12  Web Scraping

Abstract
This section contains guidelines and processes for gathering information from the web using web scraping. We will focus on two approaches. First, we will learn to download many files. Second, we will learn to gather information from the bodies of websites.

12.1 Review

We explored pulling data from web APIs in DSPP1. With web APIs, stewards are often carefully thinking about how to share information. This will not be the case with web scraping.

We also explored extracting data from Excel workbooks in Section 02. We will build on some of the ideas in that section.

Recall that if we have a list of elements, we can extract the \(i^{th}\) element with [[]]. For example, we can extract the third data frame from a list of data frames called data with data[[3]].

Recall that we can use map() to iterate a function across each element of a vector. Consider the following example:

times2 <- function(x) x * 2

x <- 1:3

map(.x = x, .f = times2)
[[1]]
[1] 2

[[2]]
[1] 4

[[3]]
[1] 6

12.2 Introduction and Motivation

The Internet is an immense source of information for research. Sometimes we can easily download data of interest in an ideal format with the click of a download button or a single API call.

But it probably won’t be long until we need data that require many download button clicks. Or worse, we may want data from web pages that don’t have a download button at all.

Consider a few examples.

  • The Urban Institute’s Boosting Upward Mobility from Poverty project programmatically downloaded 51 .xslx workbooks when building the Upward Mobility Data Tables.
  • We worked with the text of executive orders going back to the Clinton Administration when learning text analysis in DSPP1. Unfortunately, the Federal Register doesn’t publish a massive file of executive orders. So we iterated through websites for each executive order, scraped the text, and cleaned the data.
  • The Urban Institute scraped course descriptions from Florida community colleges to understand opportunities for work-based learning.
  • The Billion Prices Project web scraped millions of prices each day from online retailers. The project used the data to construct real-time price indices that limited political interference and to research concepts like price stickiness.

We will explore two approaches for gathering information from the web.

  1. Iteratively downloading files: Sometimes websites contain useful information across many files that need to be separately downloaded. We will use code to download these files. Ultimately, these files can be combined into one larger data set for research.
  2. Scraping content from the body of websites: Sometimes useful information is stored as tables or lists in the body of websites. We will use code to scrape this information and then parse and clean the result.
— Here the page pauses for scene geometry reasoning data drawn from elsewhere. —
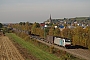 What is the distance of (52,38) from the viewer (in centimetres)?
5872

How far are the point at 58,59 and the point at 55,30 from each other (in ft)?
172

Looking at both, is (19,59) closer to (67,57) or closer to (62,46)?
(67,57)

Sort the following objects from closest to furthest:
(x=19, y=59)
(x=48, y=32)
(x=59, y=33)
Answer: (x=19, y=59), (x=59, y=33), (x=48, y=32)

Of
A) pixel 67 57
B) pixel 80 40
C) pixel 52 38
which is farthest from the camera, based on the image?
pixel 52 38

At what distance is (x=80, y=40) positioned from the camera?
175ft

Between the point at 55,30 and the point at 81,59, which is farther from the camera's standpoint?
the point at 55,30

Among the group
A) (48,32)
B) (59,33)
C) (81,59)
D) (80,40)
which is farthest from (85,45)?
(48,32)

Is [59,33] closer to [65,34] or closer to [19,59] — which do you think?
[65,34]

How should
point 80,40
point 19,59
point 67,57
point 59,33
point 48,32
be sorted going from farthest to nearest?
point 48,32
point 59,33
point 80,40
point 19,59
point 67,57

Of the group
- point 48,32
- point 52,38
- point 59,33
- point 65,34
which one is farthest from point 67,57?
point 48,32

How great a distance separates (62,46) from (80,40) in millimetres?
5937

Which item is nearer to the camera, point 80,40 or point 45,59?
point 45,59

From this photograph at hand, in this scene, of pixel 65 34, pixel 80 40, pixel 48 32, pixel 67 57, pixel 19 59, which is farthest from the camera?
pixel 48 32

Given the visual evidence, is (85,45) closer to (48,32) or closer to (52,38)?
(52,38) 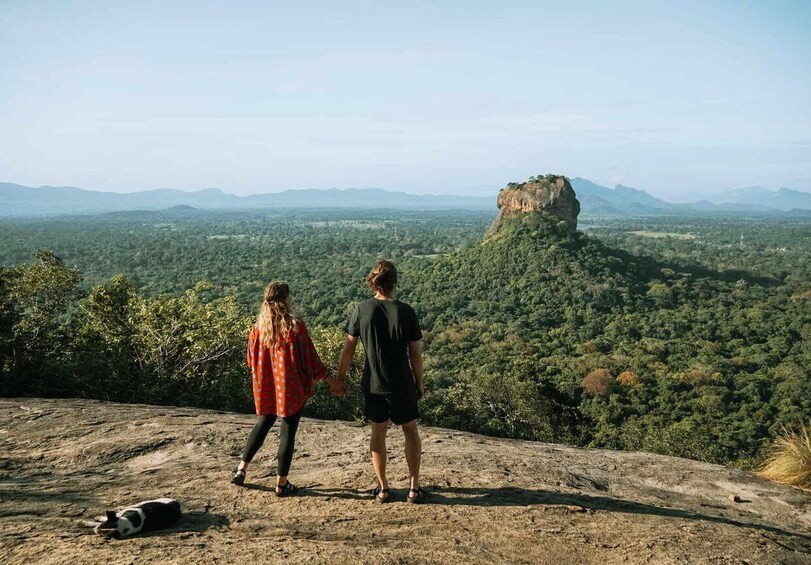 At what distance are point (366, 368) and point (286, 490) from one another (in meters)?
1.29

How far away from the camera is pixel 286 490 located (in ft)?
15.0

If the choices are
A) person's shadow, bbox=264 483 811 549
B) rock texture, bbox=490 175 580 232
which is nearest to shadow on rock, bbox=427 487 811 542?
person's shadow, bbox=264 483 811 549

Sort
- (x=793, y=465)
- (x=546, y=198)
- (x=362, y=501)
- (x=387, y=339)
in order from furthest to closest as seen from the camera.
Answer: (x=546, y=198) → (x=793, y=465) → (x=362, y=501) → (x=387, y=339)

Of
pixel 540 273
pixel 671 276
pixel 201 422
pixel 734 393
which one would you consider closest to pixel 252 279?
pixel 540 273

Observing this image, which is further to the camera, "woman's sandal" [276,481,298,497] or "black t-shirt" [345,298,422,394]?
"woman's sandal" [276,481,298,497]

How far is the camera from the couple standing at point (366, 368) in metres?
4.17

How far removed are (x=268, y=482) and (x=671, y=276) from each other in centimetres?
5775

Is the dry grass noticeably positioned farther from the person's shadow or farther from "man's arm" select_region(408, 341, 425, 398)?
"man's arm" select_region(408, 341, 425, 398)

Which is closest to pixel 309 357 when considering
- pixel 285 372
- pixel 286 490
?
pixel 285 372

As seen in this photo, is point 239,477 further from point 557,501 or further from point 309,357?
point 557,501

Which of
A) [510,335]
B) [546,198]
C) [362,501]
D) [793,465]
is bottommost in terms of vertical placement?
[510,335]

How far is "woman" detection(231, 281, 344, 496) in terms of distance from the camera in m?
4.38

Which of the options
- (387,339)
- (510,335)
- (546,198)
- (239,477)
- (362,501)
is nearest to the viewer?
(387,339)

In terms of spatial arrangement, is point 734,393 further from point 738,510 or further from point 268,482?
point 268,482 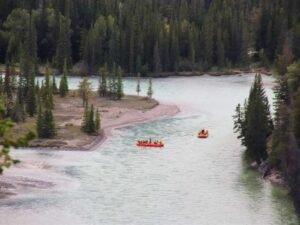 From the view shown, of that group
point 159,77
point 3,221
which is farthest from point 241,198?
point 159,77

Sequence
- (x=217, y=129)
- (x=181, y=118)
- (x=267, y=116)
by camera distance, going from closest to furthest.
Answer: (x=267, y=116), (x=217, y=129), (x=181, y=118)

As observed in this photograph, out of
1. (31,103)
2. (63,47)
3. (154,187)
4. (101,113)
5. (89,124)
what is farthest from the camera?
(63,47)

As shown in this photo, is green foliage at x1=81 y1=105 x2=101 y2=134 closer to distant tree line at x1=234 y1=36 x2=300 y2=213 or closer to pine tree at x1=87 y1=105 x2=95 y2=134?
pine tree at x1=87 y1=105 x2=95 y2=134

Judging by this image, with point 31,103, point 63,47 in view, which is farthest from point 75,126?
point 63,47

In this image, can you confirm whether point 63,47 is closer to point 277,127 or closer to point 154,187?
point 277,127

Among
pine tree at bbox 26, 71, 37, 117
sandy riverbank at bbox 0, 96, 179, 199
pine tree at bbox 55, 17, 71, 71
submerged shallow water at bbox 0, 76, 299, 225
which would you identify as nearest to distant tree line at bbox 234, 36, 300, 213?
submerged shallow water at bbox 0, 76, 299, 225

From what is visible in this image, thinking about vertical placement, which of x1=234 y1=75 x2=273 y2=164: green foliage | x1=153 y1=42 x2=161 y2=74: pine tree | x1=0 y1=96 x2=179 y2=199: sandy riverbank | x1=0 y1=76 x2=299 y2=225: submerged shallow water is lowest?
x1=0 y1=76 x2=299 y2=225: submerged shallow water

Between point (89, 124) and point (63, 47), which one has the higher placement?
point (63, 47)

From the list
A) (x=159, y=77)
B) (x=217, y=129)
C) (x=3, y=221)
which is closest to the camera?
(x=3, y=221)

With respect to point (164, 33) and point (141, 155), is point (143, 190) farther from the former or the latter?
point (164, 33)
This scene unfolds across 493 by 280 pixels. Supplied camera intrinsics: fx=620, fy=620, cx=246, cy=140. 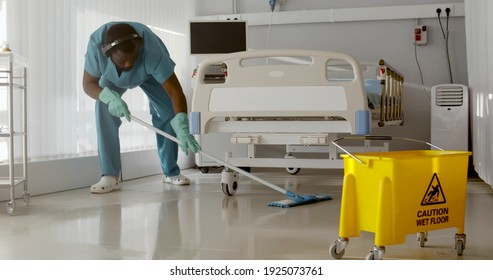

Sometimes we download many PDF files using the first approach. A related method that we will not cover that is useful for gathering information from the web is extracting text data from PDFs.

12.4 Programatically Downloading Data

The County Health Rankings & Roadmaps is a source of state and local information.

Suppose we are interested in Injury Deaths at the state level. We can click through the interface and download a .xlsx file for each state.

12.4.1 Downloading a Single File

  1. Start here.
  2. Using the interface at the bottom of the page, we can navigate to the page for “Virginia.”
  3. Next, we can click “View State Data.”
  4. Next, we can click “Download Virginia data sets.”

That’s a lot of clicks to get here.

If we want to download “2023 Virginia Data”, we can typically right click on the link and select “Copy Link Address”. This should return one of the following two URLS:

https://www.countyhealthrankings.org/sites/default/files/media/document/2023%20County%20Health%20Rankings%20Virginia%20Data%20-%20v2.xlsx
https://www.countyhealthrankings.org/sites/default/files/media/document/2023 County Health Rankings Virginia Data - v2.xlsx

Spaces are special characters in URLs and they are sometimes encoded as %20. Both URLs above work in the web browser, but only the URL with %20 will work with code.

As we’ve seen several times before, we could use read_csv() to directly download the data from the Internet if the file was a .csv.5 We need to download this file because it is an Excel file, which we can do with download.file() provided we include a destfile.

download.file(
  url = "https://www.countyhealthrankings.org/sites/default/files/media/document/2023%20County%20Health%20Rankings%20Virginia%20Data%20-%20v2.xlsx", 
  destfile = "data/virginia-injury-deaths.xlsx"
)

12.4.2 Downloading Multiple Files

If we click through and find the links for several states, we see that all of the download links follow a common pattern. For example, the URL for Vermont is

https://www.countyhealthrankings.org/sites/default/files/media/document/2023 County Health Rankings Vermont Data - v2.xlsx

The URLs only differ by "Virginia" and "Vermont". If we can create a vector of URLs by changing state name, then it is simple to iterate downloading the data. We will only download data for two states, but we can imagine downloading data for many states or many counties. Here are three R tips:

  • paste0() and str_glue() from library(stringr) are useful for creating URLs and destination files.
  • walk() from library(purrr) can iterate functions. It’s like map(), but we use it when we are interested in the side-effect of a function.6
  • Sometimes data are messy and we want to be polite. Custom functions can help with rate limiting and cleaning data.
download_chr <- function(url, destfile) {

  download.file(url = url, destfile = destfile)

  Sys.sleep(0.5)

}

states <- c("Virginia", "Vermont")

urls <- paste0(
  "https://www.countyhealthrankings.org/sites/default/files/",
  "media/document/2023%20County%20Health%20Rankings%20",
  states,
  "%20Data%20-%20v2.xlsx"
)

output_files <- paste0("data/", states, ".xlsx")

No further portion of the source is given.